## [REQUIRED ACTION]
Every line below is to be set down again exactly; any image stays out.

## [SUPPLIED INFORMATION]
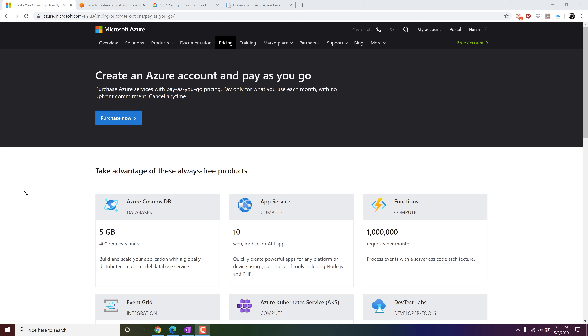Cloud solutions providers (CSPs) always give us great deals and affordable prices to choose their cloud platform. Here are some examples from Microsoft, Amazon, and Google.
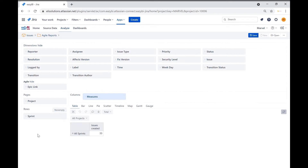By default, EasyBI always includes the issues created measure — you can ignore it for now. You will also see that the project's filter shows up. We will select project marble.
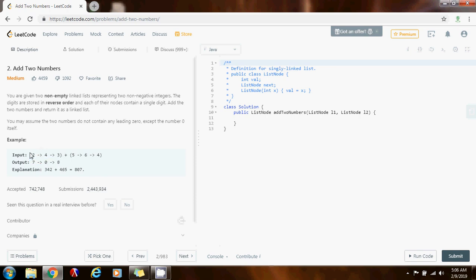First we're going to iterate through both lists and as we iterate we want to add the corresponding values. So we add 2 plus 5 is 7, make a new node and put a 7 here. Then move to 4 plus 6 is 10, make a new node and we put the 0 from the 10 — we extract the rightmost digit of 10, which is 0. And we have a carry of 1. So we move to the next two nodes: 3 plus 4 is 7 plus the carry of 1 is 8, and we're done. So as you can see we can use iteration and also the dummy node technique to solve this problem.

## [REPLY TO THE EXERCISE]
Cloud solutions providers (CSPs) always give us great deals and affordable prices to choose their cloud platform. Here are some examples from Microsoft, Amazon, and Google.
By default, EasyBI always includes the issues created measure — you can ignore it for now. You will also see that the project's filter shows up. We will select project marble.
First we're going to iterate through both lists and as we iterate we want to add the corresponding values. So we add 2 plus 5 is 7, make a new node and put a 7 here. Then move to 4 plus 6 is 10, make a new node and we put the 0 from the 10 — we extract the rightmost digit of 10, which is 0. And we have a carry of 1. So we move to the next two nodes: 3 plus 4 is 7 plus the carry of 1 is 8, and we're done. So as you can see we can use iteration and also the dummy node technique to solve this problem.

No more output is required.